If and when that day arrives, any new jobs which are created as old jobs are destroyed will be taken by machines, not humans. And our most important task as a species at that point will be to figure out a happy ending to that particular story.
Will that day arrive, and if so, when? People often say that Moore’s Law is dead or dying, but it isn’t true. It has been evolving ever since Gordon Moore noticed, back in 1965, that his company was putting twice as many transistors on each chip every year. (In 1975 he adjusted the time to two years, and shortly afterwards it was adjusted again, to eighteen months.) The cramming of transistors has slowed recently, but we are seeing an explosion of new types of chips, and Chris Bishop, the head of Microsoft Research in the UK, argues that we are seeing the start of a Moore’s Law for software: “I think we’re seeing … a similar, singular moment in the history of software … The rate limiting step now is … the data, and what’s really interesting is the amount of data in the world is – guess what – it’s growing exponentially! And that’s set to continue for a long, long time to come.”

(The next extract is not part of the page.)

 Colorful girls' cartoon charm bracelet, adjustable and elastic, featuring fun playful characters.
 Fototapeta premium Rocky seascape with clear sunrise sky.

So there is plenty more Moore, and plenty more exponential growth. The machines we have in 10 years time will be 128 times more powerful than the ones we have today. In 20 years time they will be 8,000 times more powerful, and in 30 years time, a million times more powerful. If you take the prospect of exponential growth seriously, and you look far enough ahead, it becomes hard to deny the possibility that machines will do pretty much all the things we do for money cheaper, better and faster than us.
So I would like to propose a new rule, and with no superfluous humility I’m calling it Calum’s Rule:
“Forecasts should specify the time frame.”
If we all follow this injunction, I suspect we will disagree much less, and we can start to address the issue more constructively.